You enter the generous lobby combined with shoe and cloak storage, which connects everything within the Mosque: Down the stairs to ablution and the prayer hall, up to the office, library and classroom, and directly to the kitchen and auditorium. From the lobby you also have access to the contemplative garden and the room for ritual washing of the deceased. The prayer hall is a wide space promoting equality when facing Mecca in prayer, inspired by the traditional non-directional spaces of the polystyle Mosques. The prayer hall interacts with the common areas through its translucent metal screens and further into the ablution through translucent glass.
The auditorium can open up as a gallery for the prayer hall, and thus function as additional prayer space when needed. The kitchen is ideally positioned to facilitate activites both in the auditorium and the lobby, with easy access to the other floors through the elevator. The ritual washing of the deceased is given a more tranquil position towards the garden and given access to the outside through this. The office on the 1st floor has direct visibility to the entrance, and the library and classroom is an open landscape of bookshelves creating individual places in-between for discussion and in depth study. The classroom is enclosed with glass to roof above the shelves, while the hole zone can be darkened by vertical blinds.

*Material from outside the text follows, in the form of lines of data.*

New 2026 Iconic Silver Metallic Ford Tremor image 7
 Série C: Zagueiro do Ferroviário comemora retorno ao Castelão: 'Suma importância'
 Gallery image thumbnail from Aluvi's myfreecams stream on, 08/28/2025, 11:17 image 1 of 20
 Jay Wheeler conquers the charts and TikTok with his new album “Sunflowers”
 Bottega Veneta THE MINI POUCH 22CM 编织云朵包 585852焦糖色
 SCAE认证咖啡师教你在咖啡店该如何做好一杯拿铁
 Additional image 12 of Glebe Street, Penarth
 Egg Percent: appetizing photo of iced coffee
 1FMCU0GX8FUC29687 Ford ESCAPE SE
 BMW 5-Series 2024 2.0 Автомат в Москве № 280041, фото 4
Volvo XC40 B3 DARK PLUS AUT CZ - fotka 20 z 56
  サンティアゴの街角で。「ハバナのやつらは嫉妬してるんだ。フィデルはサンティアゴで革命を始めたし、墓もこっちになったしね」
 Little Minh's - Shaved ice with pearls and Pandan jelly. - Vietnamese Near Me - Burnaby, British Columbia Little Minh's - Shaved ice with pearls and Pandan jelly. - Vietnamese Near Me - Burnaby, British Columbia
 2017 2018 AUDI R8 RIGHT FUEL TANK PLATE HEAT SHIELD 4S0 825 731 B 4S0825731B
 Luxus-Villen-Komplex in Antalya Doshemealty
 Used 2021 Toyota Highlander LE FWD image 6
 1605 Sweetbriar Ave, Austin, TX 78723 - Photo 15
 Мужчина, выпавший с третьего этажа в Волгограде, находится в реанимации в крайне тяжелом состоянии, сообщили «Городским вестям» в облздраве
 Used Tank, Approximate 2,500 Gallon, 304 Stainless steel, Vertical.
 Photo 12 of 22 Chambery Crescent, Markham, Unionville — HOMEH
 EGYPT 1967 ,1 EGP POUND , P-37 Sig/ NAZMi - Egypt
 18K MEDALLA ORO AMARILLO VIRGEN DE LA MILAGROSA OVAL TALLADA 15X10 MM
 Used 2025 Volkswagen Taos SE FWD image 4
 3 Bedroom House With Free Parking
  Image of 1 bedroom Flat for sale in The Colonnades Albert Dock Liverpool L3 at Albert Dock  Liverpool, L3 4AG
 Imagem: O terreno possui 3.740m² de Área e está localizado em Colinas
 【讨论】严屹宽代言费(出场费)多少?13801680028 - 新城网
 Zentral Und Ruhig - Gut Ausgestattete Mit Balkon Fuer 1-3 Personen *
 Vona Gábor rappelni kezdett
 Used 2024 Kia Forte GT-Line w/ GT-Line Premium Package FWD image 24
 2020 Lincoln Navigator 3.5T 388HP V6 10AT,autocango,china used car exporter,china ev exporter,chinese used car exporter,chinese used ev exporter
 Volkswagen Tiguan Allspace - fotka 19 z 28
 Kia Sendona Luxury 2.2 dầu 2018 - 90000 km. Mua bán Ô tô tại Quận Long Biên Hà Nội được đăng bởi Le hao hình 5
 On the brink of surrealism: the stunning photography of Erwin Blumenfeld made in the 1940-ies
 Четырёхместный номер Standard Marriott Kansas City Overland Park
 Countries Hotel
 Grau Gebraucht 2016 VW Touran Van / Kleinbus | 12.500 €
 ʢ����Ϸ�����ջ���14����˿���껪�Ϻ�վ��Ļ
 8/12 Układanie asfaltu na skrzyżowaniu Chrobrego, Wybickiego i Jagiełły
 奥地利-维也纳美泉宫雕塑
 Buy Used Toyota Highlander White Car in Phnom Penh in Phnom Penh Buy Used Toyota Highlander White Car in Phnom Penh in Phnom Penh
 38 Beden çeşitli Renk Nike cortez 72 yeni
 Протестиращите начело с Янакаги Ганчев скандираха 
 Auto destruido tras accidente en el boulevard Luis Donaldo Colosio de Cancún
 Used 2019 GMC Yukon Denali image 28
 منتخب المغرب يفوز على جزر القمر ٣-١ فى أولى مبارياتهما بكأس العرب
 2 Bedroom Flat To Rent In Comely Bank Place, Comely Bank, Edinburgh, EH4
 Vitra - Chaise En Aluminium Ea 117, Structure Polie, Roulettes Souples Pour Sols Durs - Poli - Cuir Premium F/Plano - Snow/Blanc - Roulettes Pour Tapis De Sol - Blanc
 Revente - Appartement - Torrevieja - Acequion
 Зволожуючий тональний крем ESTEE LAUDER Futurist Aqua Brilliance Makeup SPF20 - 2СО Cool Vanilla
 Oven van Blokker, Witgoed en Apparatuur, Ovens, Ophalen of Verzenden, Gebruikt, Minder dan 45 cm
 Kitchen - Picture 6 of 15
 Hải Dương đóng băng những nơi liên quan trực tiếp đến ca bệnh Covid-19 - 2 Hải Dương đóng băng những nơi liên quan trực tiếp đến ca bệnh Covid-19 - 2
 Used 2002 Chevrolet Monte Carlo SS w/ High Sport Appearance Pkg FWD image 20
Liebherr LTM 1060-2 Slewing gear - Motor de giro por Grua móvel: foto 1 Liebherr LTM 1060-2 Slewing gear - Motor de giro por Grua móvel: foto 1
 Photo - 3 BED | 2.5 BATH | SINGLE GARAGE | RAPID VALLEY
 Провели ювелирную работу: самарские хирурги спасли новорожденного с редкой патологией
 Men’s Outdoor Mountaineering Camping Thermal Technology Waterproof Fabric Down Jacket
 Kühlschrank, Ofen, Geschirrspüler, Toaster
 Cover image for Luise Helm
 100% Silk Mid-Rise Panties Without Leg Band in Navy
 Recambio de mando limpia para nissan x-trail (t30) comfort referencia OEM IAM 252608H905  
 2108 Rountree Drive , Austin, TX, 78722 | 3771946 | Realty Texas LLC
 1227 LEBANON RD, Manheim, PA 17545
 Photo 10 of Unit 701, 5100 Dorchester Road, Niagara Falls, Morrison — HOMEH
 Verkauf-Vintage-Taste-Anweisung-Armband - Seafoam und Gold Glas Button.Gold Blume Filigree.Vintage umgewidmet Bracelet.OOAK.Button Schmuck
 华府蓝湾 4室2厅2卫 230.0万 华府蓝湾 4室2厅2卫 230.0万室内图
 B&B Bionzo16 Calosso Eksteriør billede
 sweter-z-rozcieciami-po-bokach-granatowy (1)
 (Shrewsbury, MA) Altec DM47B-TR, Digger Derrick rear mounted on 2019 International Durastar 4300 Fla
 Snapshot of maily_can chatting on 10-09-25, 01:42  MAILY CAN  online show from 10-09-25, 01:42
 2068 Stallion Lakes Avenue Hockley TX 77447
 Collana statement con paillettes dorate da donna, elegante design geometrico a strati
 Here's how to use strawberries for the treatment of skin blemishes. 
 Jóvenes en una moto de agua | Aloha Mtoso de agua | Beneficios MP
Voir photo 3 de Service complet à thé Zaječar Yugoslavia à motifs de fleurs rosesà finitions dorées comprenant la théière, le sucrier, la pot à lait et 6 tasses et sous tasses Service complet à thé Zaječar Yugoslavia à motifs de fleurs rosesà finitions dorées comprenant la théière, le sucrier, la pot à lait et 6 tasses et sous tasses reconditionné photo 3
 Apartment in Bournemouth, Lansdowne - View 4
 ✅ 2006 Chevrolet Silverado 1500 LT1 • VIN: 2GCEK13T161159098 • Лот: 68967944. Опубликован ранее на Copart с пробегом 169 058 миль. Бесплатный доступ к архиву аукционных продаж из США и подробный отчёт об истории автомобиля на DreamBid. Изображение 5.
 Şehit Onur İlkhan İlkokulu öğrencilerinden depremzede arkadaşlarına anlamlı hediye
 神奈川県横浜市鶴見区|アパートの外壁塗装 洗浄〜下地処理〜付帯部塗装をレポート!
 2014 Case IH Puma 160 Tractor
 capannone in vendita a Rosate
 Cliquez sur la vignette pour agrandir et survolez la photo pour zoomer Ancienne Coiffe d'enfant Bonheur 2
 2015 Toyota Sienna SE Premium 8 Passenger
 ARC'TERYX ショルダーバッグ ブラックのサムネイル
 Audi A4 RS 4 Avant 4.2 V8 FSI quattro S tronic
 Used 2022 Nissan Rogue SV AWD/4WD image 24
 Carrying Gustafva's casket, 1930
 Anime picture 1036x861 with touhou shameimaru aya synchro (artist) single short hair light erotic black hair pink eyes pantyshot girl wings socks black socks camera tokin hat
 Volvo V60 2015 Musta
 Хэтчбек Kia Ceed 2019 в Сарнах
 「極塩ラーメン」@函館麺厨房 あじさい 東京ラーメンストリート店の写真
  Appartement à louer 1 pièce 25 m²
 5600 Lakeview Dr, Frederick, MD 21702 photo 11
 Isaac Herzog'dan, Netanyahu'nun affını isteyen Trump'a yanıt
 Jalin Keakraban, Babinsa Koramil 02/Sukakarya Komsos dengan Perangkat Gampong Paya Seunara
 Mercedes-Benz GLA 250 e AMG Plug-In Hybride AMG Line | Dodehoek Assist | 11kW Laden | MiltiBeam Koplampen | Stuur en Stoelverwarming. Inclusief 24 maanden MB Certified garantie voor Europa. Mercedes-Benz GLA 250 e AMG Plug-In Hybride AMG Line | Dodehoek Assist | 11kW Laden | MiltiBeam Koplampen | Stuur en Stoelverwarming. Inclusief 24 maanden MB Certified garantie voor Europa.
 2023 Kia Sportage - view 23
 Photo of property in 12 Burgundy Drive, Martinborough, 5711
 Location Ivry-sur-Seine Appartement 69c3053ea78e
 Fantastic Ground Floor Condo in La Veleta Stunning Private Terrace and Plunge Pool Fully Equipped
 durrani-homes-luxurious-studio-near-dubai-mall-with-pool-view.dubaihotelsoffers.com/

The contemplative garden contains the traditional elements of a muslim garden triggering all senses – running water, beauty through biodiversity inspired by both icelandic and foreign flora, and harvest. The material palette of the Mosque is contemporary and following the tradition of expressive concrete sacral buildings like the Hallgrimskirkja – prefabricated concrete and ultra-high performance concrete screens, structural glazing towards the garden. The quibla wall is of a honeycomb glazed tile, where shadows play in the light, the mihrab and the minbar rising from the ground in polished basalt.